European Union nationals living in the UK before the formal Brexit process is triggered should be allowed to remain in the country permanently, an expert panel has recommended.
Prime Minister Theresa May's refusal to agree the status of the nearly three million Europeans in the country unless the rights of Britons living on the continent are guaranteed is "morally wrong", according to an inquiry run by think tank British Future.
It called for the UK to "make the first move" to demonstrate "goodwill" as it embarks on its divorce negotiations.
The panel, which included a cross-party group of MPs, said all 2.8 million EU nationals should be eligible for permanent residence with the same health, social and education rights as British citizens.
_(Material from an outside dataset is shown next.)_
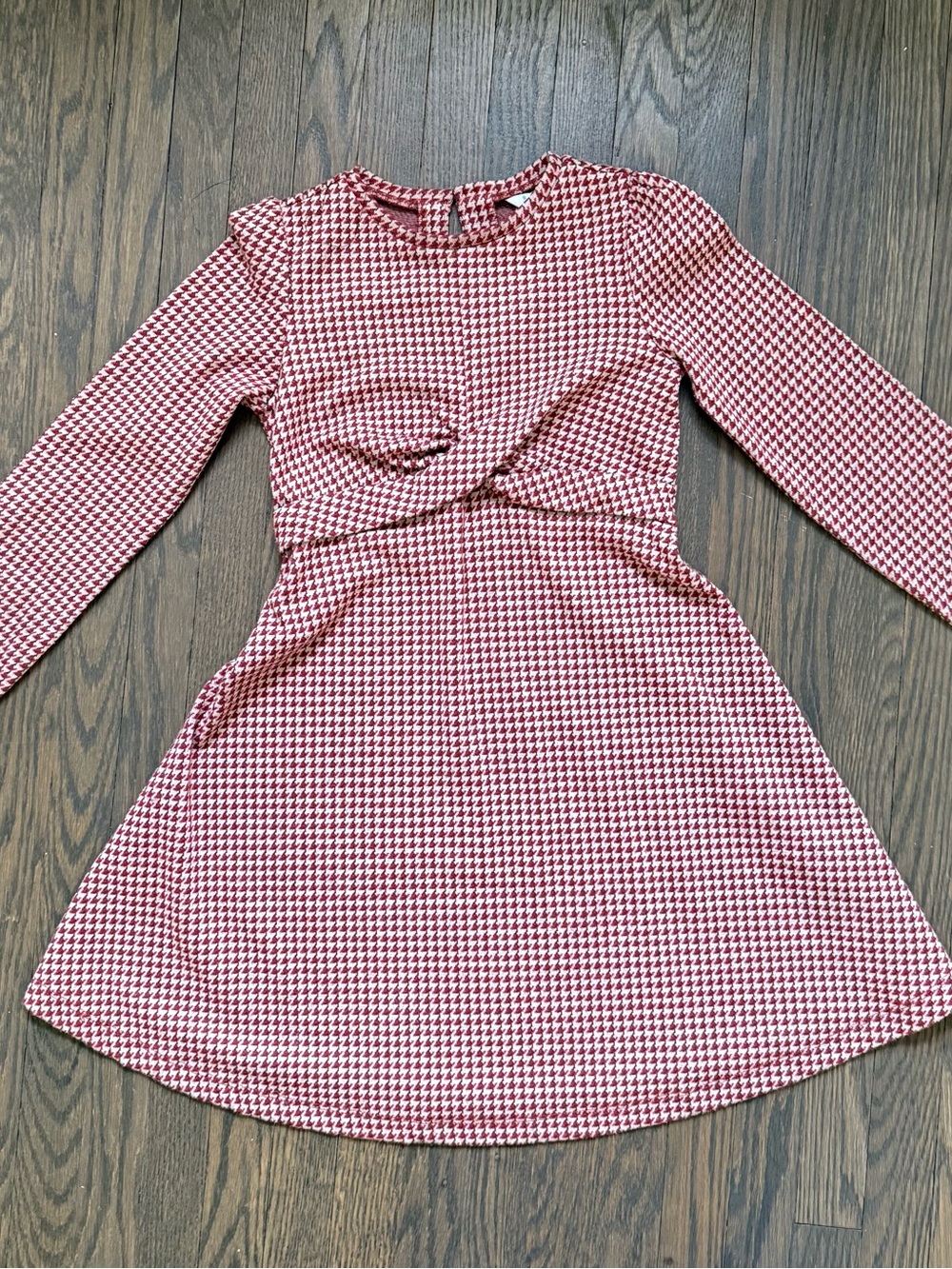 Size 8 Girls Mayoral - Red, beige and brown Houndstooth Flare Dress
If found that setting the date that Article 50 is triggered as the cut-off point would be fair and legally watertight but would not lead to a surge in migration from across the bloc and European Economic Area nations.
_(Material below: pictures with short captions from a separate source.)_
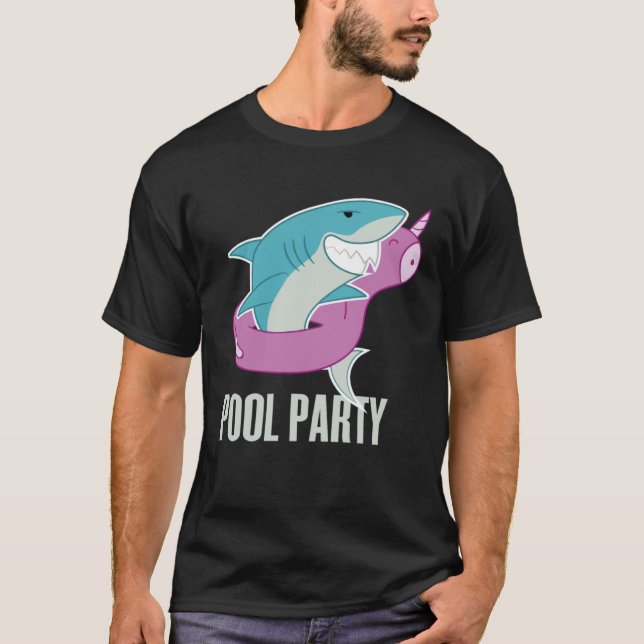 T-shirt Pool Party  Shark Unicorn Fishing (Devant)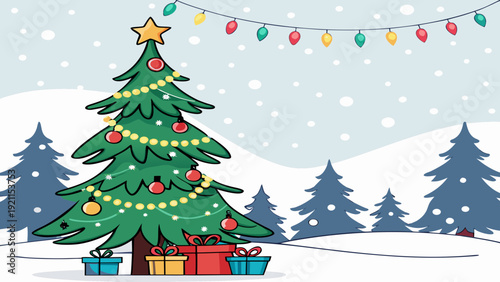 Christmas Tree Vector Winter Landscape with Gifts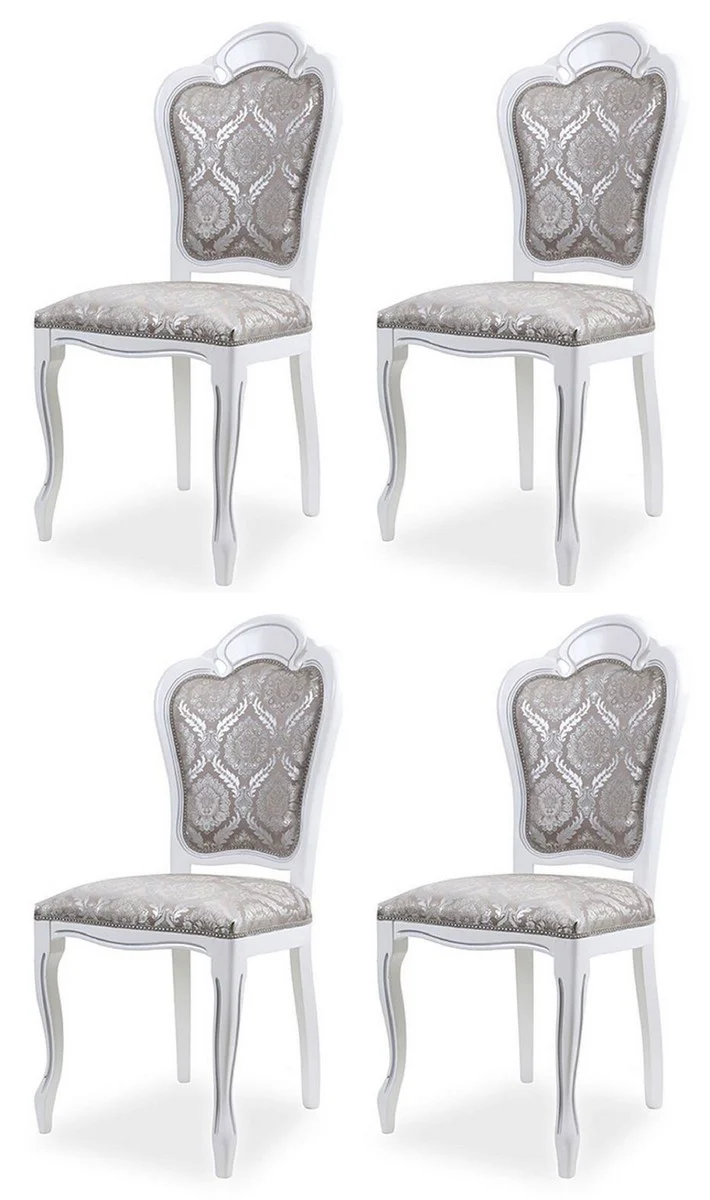 Luxury Baroque Dining Room Chair Set of 4 Gray / White H. 107 cm - Baroque Dining Room Furniture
Labour's Gisela Stuart, a Leave campaigner who chaired the inquiry, said: "Our inquiry found that people from different sides of the referendum and politics can quite easily agree on practical, straightforward ways to ensure that EU nationals can stay in Britain with their rights protected. That's the right thing to do and something that most voters agree with too.
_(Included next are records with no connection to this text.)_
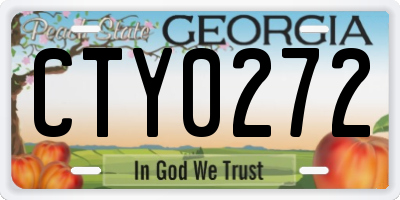 GA license plate CTY0272
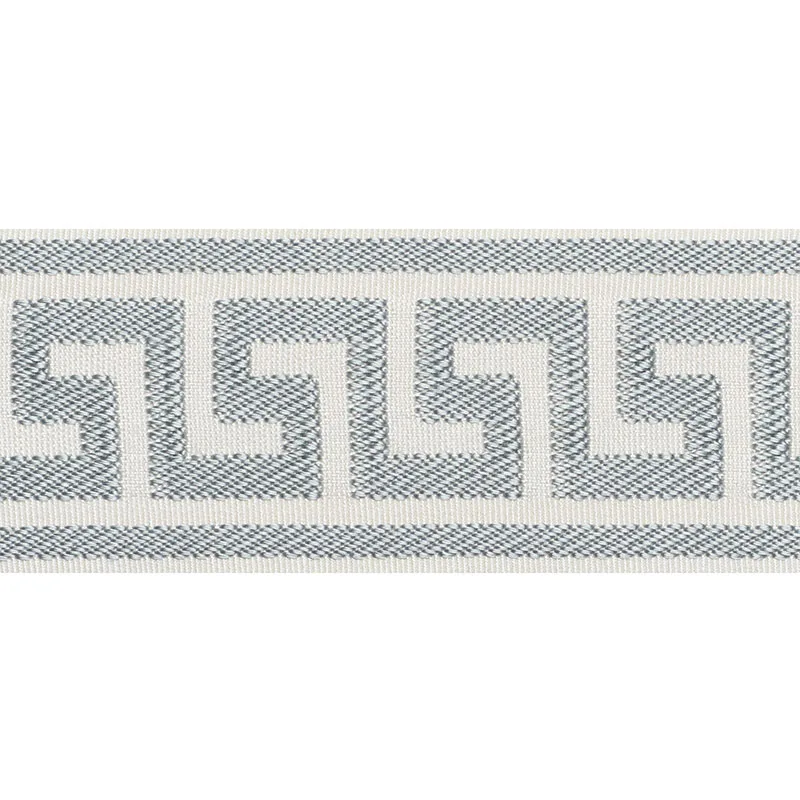 Schumacher Etienne Silk Greek Key Wide trim in Cloud (74701)
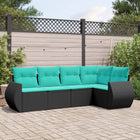 5-Piece Poly Rattan Garden Sofa Set with Cushions Black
"We determined that the triggering of Article 50 should be the cut-off date, after which EU citizens moving to the UK would not be entitled to stay permanently after Brexit. This would limit any 'pull factor' for EU citizens not already in the UK.
"Britain should make clear at the start of the Brexit negotiations that EU citizens already here before that date can stay. This would send a clear signal about the kind of country the UK will be after Brexit and the relationship we want with Europe. We should expect reciprocal deals for Britons living in European countries, but Britain should make the first move to demonstrate goodwill."
Just 3% of European citizens living in Britain are unemployed, with 51% classed as employees, 9% self-employed, 4% students and 7% retired while 17% are children, according to the report.
More than a quarter of the food and drink manufacturing workforce and about 15% of academics are from other EU countries, it added.
Around 1.2 million British nationals live in other EU countries.
A Government spokesman said: "The Prime Minster and other ministers have been absolutely clear that they want to protect the status of EU nationals already living here, and the only circumstances in which that wouldn't be possible is if British citizens' rights in European member states were not protected in return."